=== Begin Enclosure ===

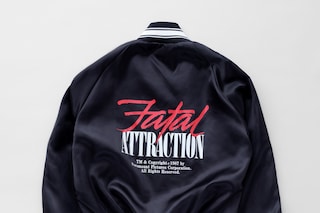 Fatal Attraction jacket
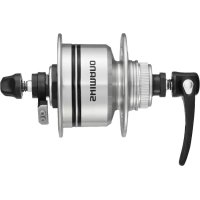 Notice SHIMANO DH3D80 Dynamo de roue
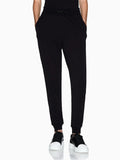 Armani Exchange Pantalone Tuta Donna XW000828AF13397 Black - Nero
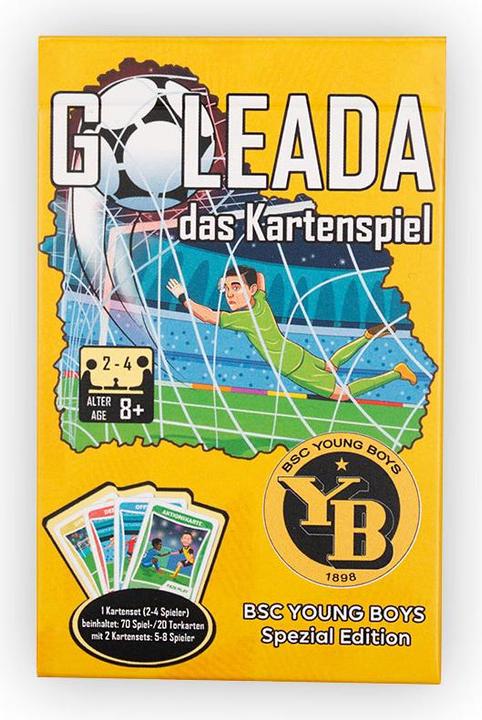 Produktbild Goleada Das Kartenspiel (Deutsch)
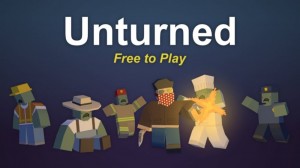 Create meme: game unturned, unturned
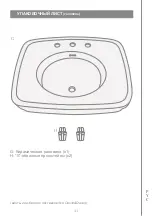 Preview for 44 page of Devon&Devon Rose Console Assembly Instructions Manual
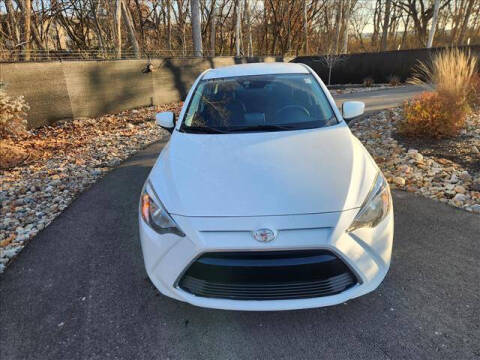 2017 Toyota Yaris iA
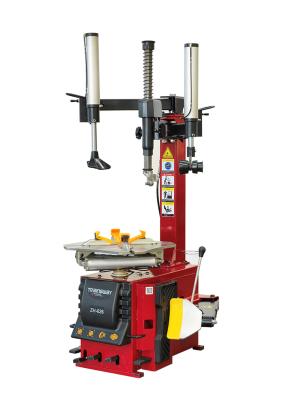 China Trainsway Zh626s Automotive Swing Arm Tire Changer with Vertical Structure Supported for sale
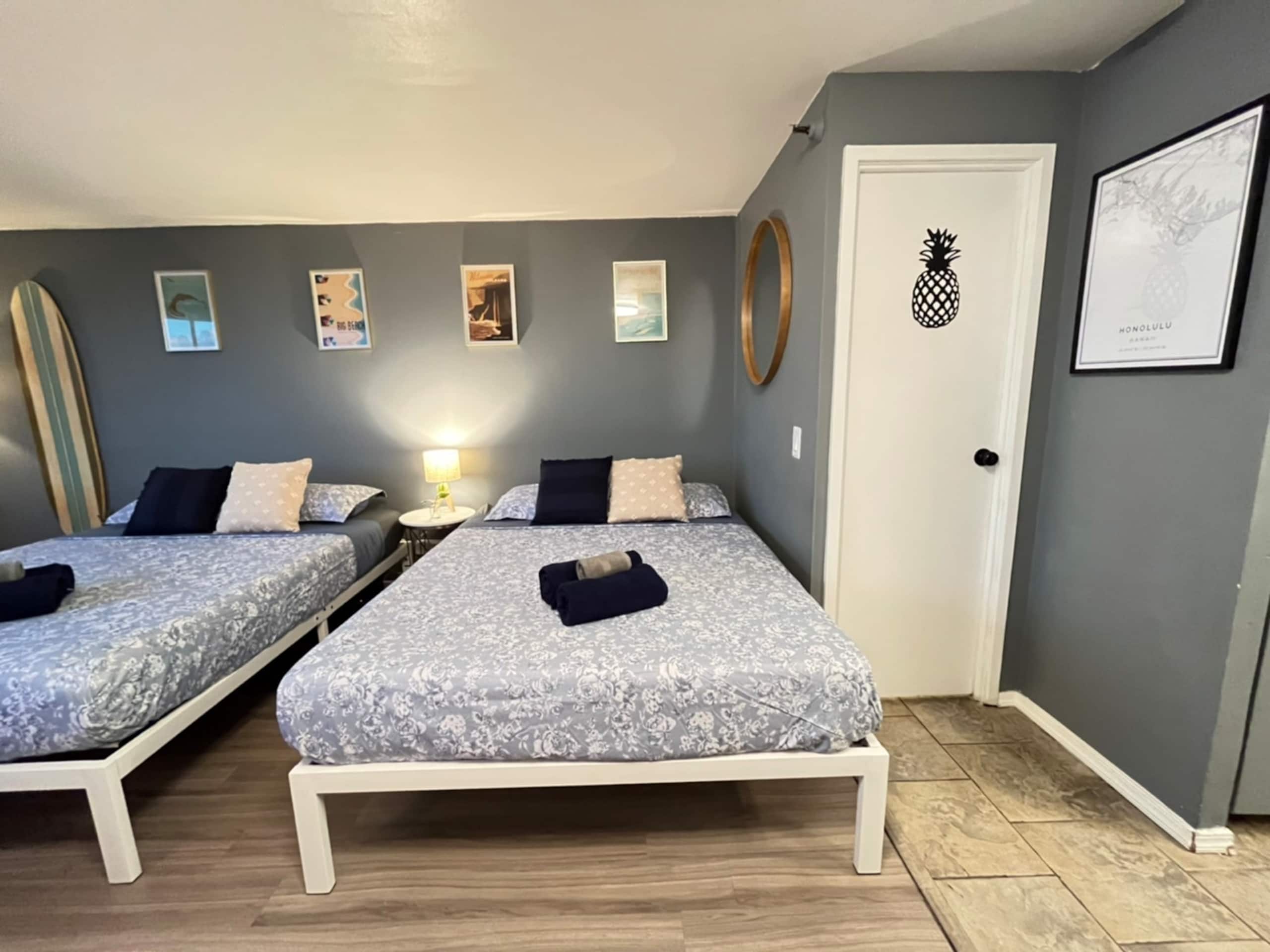 #Ocean view private studio W/free reserved parking - Image 21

=== End Enclosure ===

Prompt:
An exact retyping of each record, with no pictures, is the answer required.

Exercise answer:
 Fatal Attraction jacket
 Notice SHIMANO DH3D80 Dynamo de roue
 Armani Exchange Pantalone Tuta Donna XW000828AF13397 Black - Nero
 Produktbild Goleada Das Kartenspiel (Deutsch)
 Create meme: game unturned, unturned
 Preview for 44 page of Devon&Devon Rose Console Assembly Instructions Manual
 2017 Toyota Yaris iA
 China Trainsway Zh626s Automotive Swing Arm Tire Changer with Vertical Structure Supported for sale
 #Ocean view private studio W/free reserved parking - Image 21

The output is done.